Nel 1450 avrebbe dovuto versare a Giovanni di Francesco del Cervelliera, suo discepolo, 40 fiorini ma, chiamato in giudizio, esibì la ricevuta di versamento falsificando la firma dell'allievo. Incarcerati e messi sotto tortura entrambi i pittori, in seguito alla confessione il Lippi venne scarcerato. L'11 settembre 1451 fu di nuovo sotto processo, per aver fatto eseguire alla propria bottega una tavola che il committente aveva richiesto di mano del maestro. Nello stesso anno il Lippi risultò essere proprietario di una casa non lontano dal Carmine. Il 19 maggio 1455, la rettorìa di San Quirico a Legnaia gli fu revocata, sia per la condanna del 1450 sia perché poco sollecito nei suoi doveri.


A Prato, sotto protezione dei Medici (1452-1465)

Prato è nel mondo la città che conserva il nucleo più ricco e importante di opere di fra’ Filippo Lippi.[1] Il comune di Prato stanziò nel 1452 per gli affreschi della cappella Maggiore di Santo Stefano e la vetrata la somma di 1.200 fiorini. Dopo aver ricevuto nel marzo dello stesso anno il rifiuto dell'Angelico, si decise di affidare l'incarico al Lippi, che accettò e si recò nella città vicino Firenze. Gli affreschi vennero completati tredici anni dopo, nel 1465 fra interruzioni, richieste di denaro, solleciti, fughe e rinegoziazioni del contratto.
Nel frattempo dipinse molte altre opere. Per l'Opera Pia fondata da Francesco Datini fece la tavola detta Madonna del Ceppo oggi conservata al Museo Civico di Prato; per il preposto Geminiano Inghirami le Esequie di san Girolamo; per il convento di Annalena a Firenze il Tondo Cook e l'Adorazione del Bambino di Annalena; una pala per Alfonso I d'Aragona, commissionata da Giovanni de' Medici, di cui rimangono solo due pannelli laterali; le vele della volta sopra la tomba di Geminiano Inghirami nella chiesa pratese di San Francesco (perdute); l'Adorazione del Bambino di Camaldoli per la cella della famiglia Medici all'interno dell'Eremo.

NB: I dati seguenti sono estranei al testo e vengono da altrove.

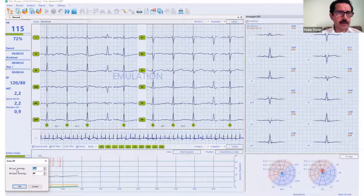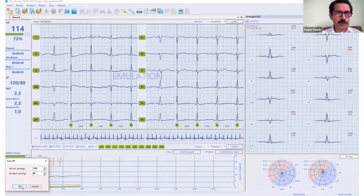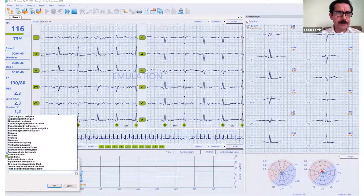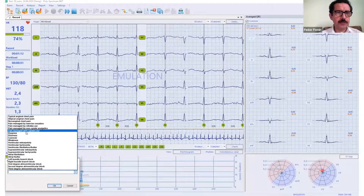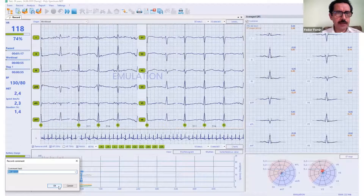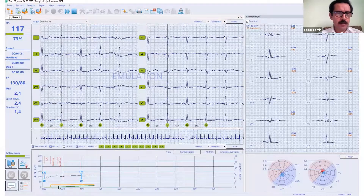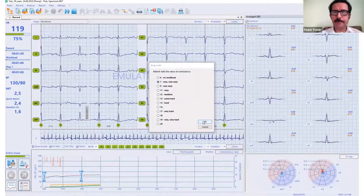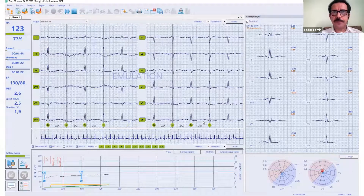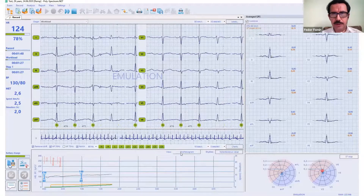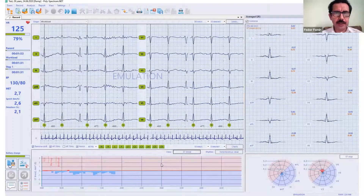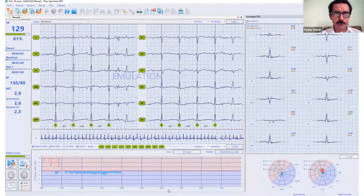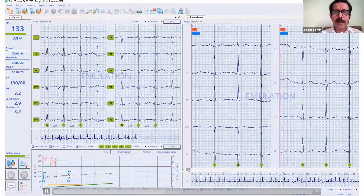During the exercise, I can input blood pressure data manually from the measurement, or start automatic measurement if a supported device is connected. I can also use comments from a dictionary — standard phrases to be fast — or input any text I want. I can also input the Borg scale, asking a person how it feels. ST segment data is visible here as well. Ischemia detection and ST segment analysis is one of the main reasons for most clinicians to perform this exercise stress test.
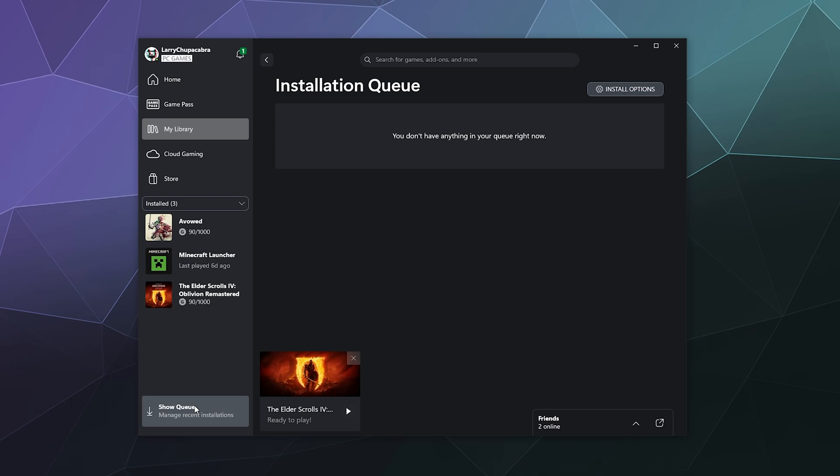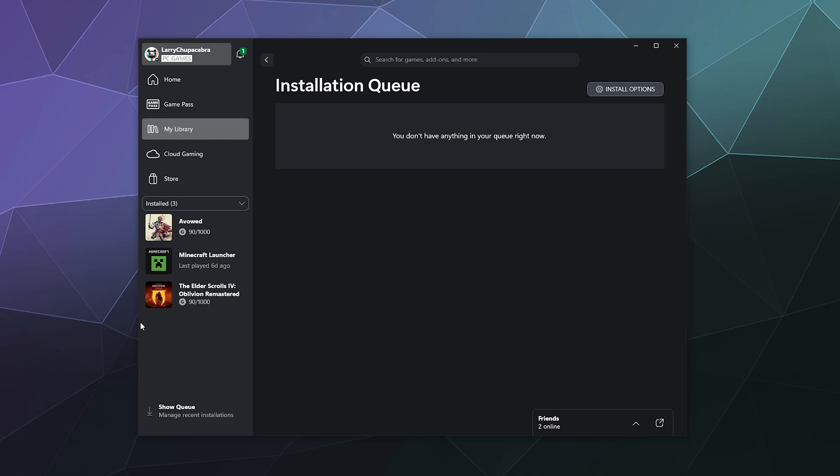Sometimes stuff gets corrupted when you're using it. Like if your computer suddenly blue screens in the middle of playing a game or you lose power, it just kind of happens. And this is a way to try to figure out what's wrong with your game without necessarily installing or uninstalling it and having to redo the whole process.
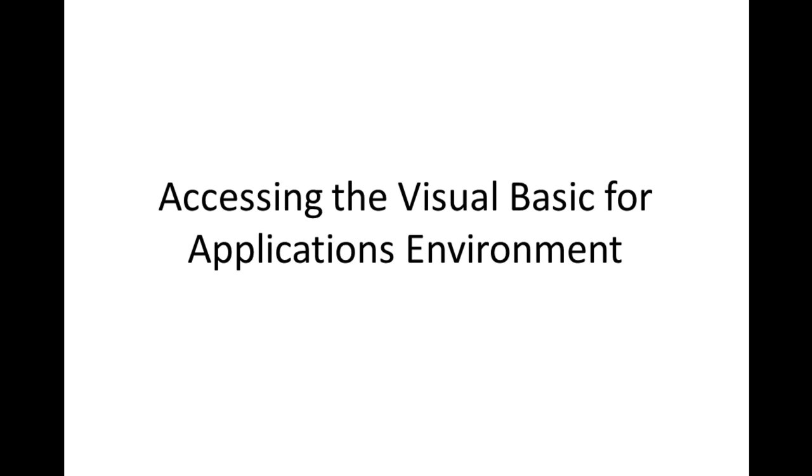In this lesson, you will learn how to access the Visual Basic for Applications environment in Excel.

La cosiddetta Lippina fu un "prototipo" per le successive rappresentazioni della Vergine col Bambino. A questo periodo, risalgono anche le quattro tavole con la Vergine Annunziata, Angelo annunziante, Sant'Antonio Abate e San Giovanni Battista, probabilmente elementi di arredo ecclesiastico.

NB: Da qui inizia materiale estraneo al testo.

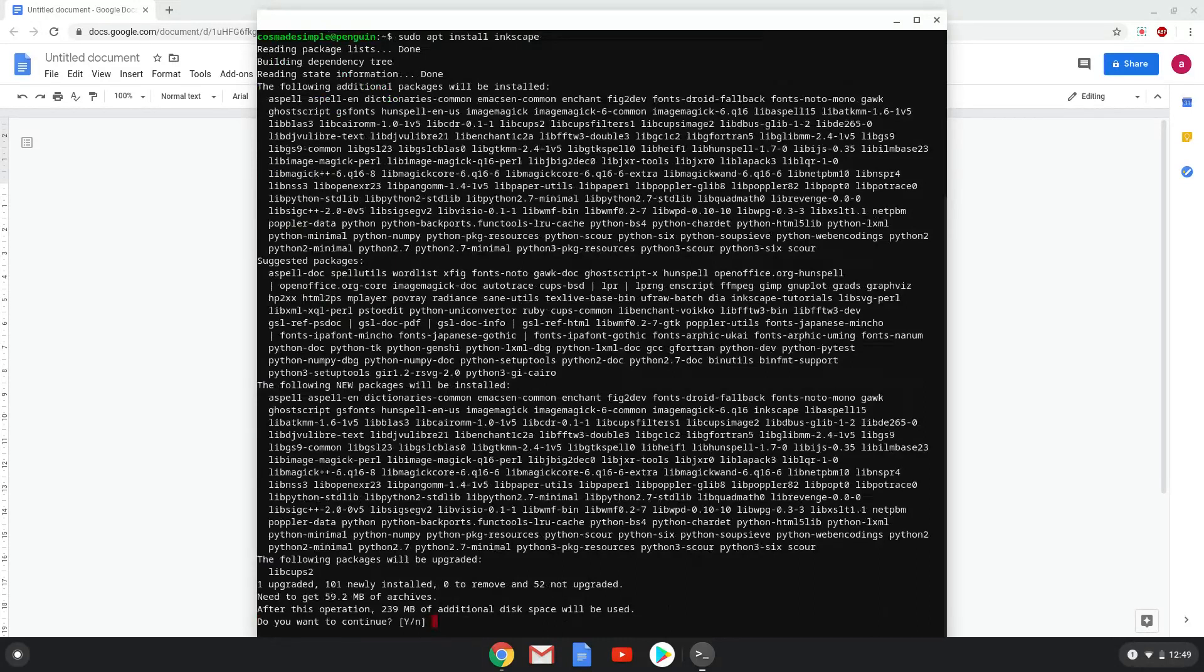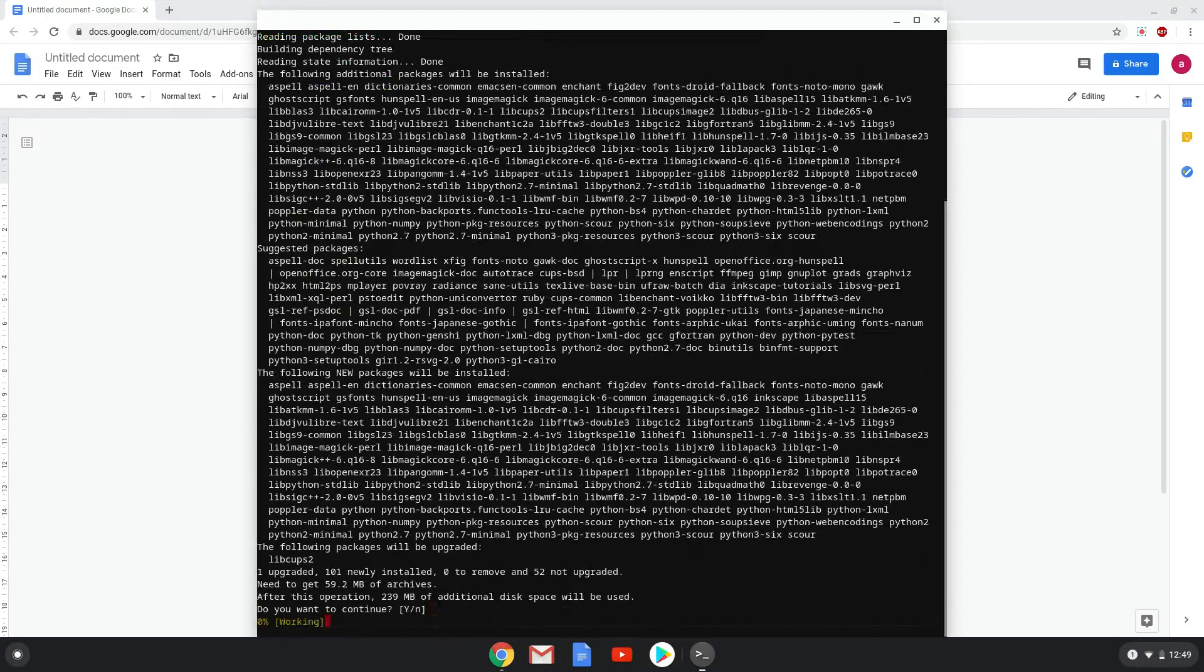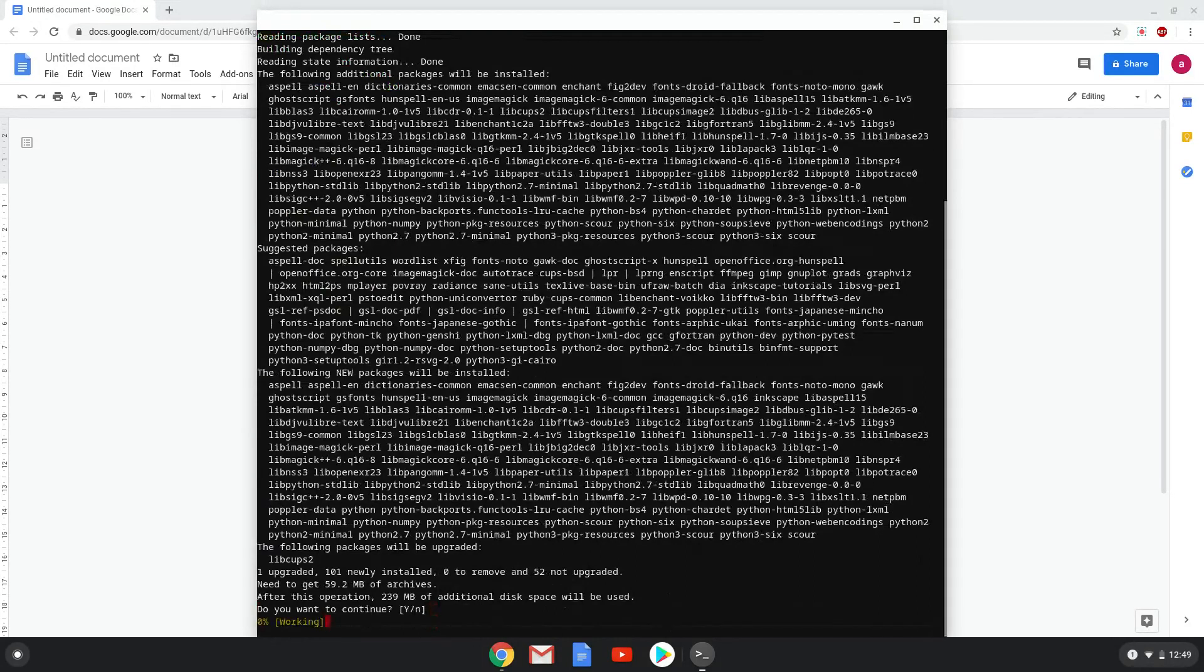Press enter to confirm the installation. This is a long process so we are going to fast forward it.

Nel 1456, nominato cappellano del convento pratese di Santa Margherita, vi conobbe e si innamorò della monaca Lucrezia Buti, modella di molti suoi dipinti, figlia del fiorentino Francesco Buti e di Caterina Ciacchi. La loro storia d'amore spinse la Buti a lasciare il convento e a stabilirsi nella casa pratese dell'artista acquistata nel 1455; solamente nel 1461 il papa Pio II, grazie all'intercessione di Cosimo de' Medici, sciolse dai voti il Lippi e la Buti, regolarizzando la loro posizione, anche se il Lippi si rifiutò di maritarsi. I due ebbero due figli: Filippino Lippi nel 1457 e, nel 1465, Alessandra.

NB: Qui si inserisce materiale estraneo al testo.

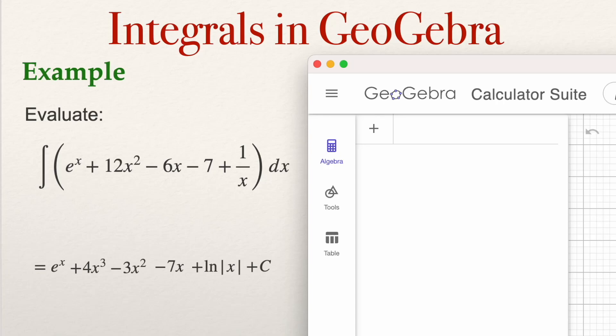I will be explaining how to use GeoGebra in Integral Calculus — specifically for computing the indefinite integral and the definite integral. The first thing I'm going to do is compute the integral of a function using GeoGebra.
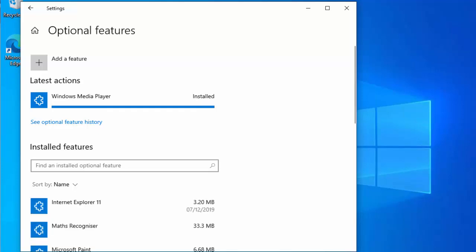And there we go, it's now installed. Now that took a good couple of minutes, so as I say you do need to be patient with it. So there you go, that guide showed you how to uninstall and then reinstall Windows Media Player in Windows 10.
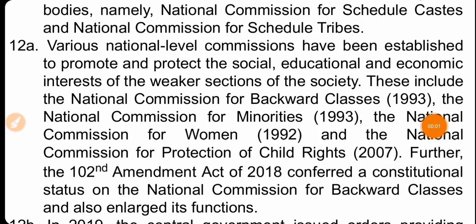We will discuss the implementation of Directive Principles. Various national level commissions have been established to promote and protect the social, educational, and economic interests of the weaker sections of the society.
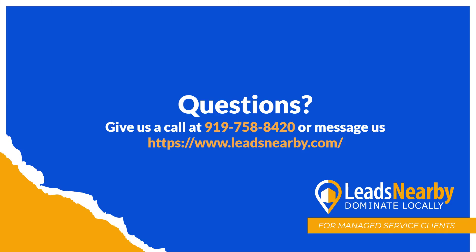I hope you found this video helpful. If you have any questions about any of our products, please feel free to reach out to us at 919-758-8420 or you can reach us at www.leadsnearby.com. Have a great day.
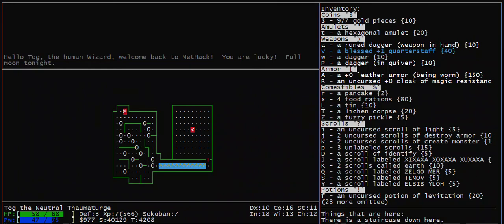This video shows how to solve Sokoban level 2A in NetHack. This is probably the hardest level in Sokoban because you have to rearrange boulders in different locations before you start pushing boulders into pits.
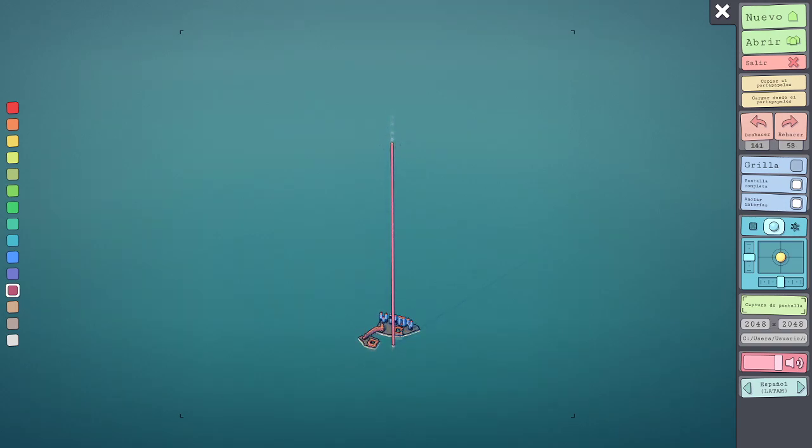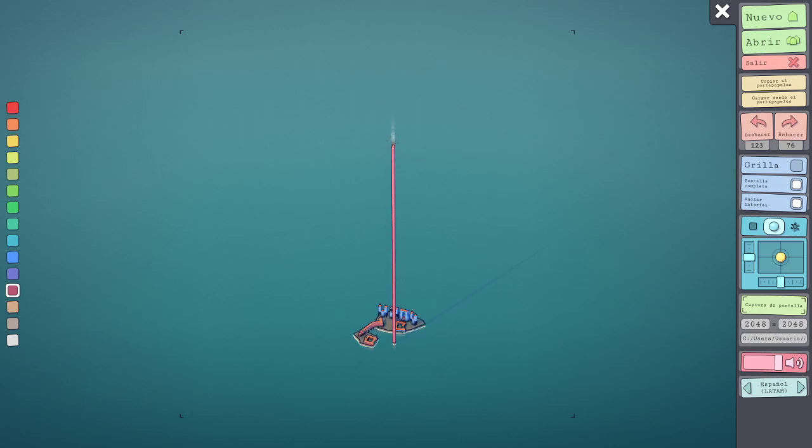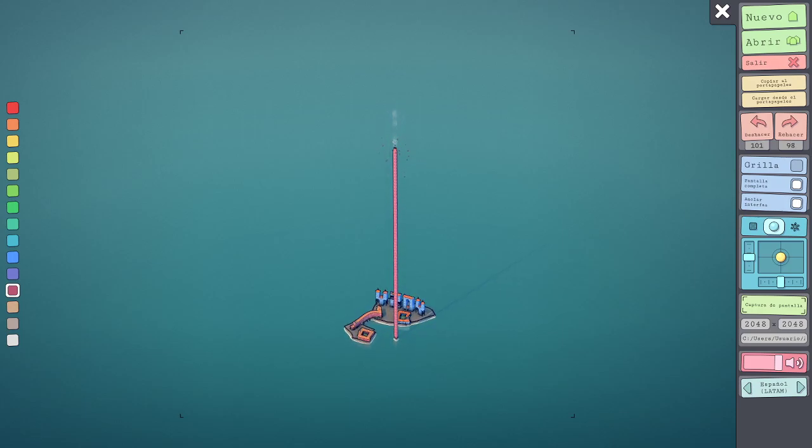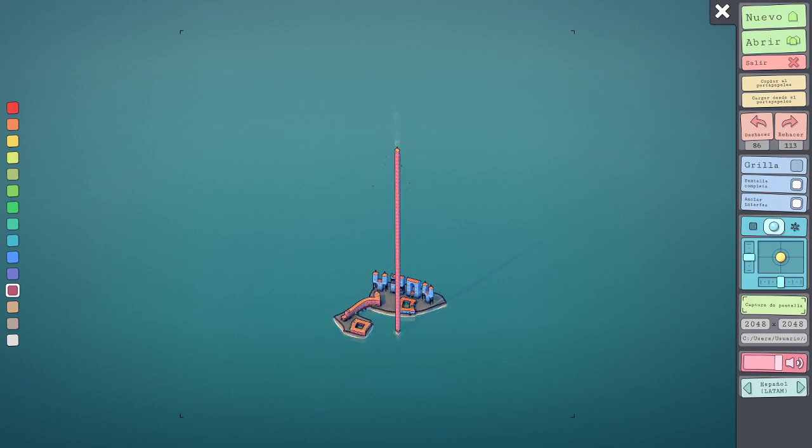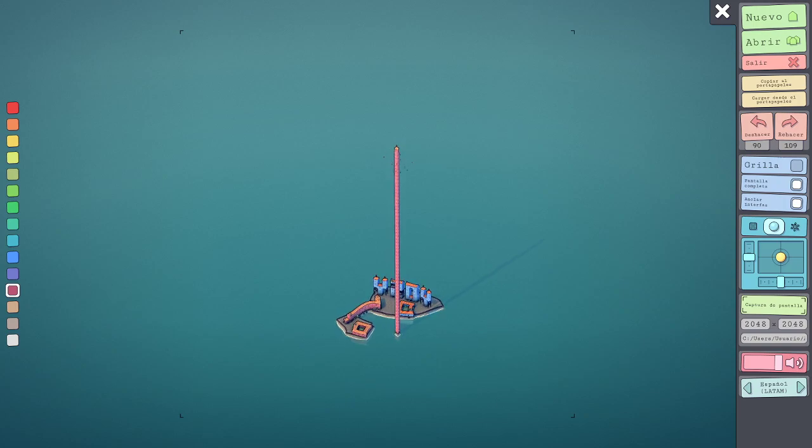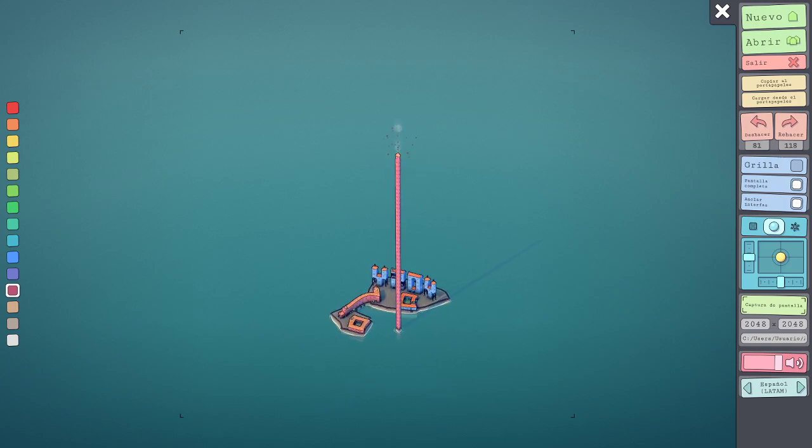Es que es satisfactorio de todo. Mira, es súper satisfactorio. Es una cosa muy rara, o sea, te puedes hacer tu propia ciudad.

Tra il 1458 e il 1460 Filippo lavorò alla coppia di lunette con la Annunciazione e i Sette santi per palazzo Medici. Sempre dello stesso periodo è l'Adorazione del Bambino di palazzo Medici, per l'altare della Cappella dei Magi. Forse in occasione della nascita di Lorenzo il Magnifico (1449), realizzatò il Tondo Cook, iniziato da Beato Angelico, forse con Benozzo Gozzoli.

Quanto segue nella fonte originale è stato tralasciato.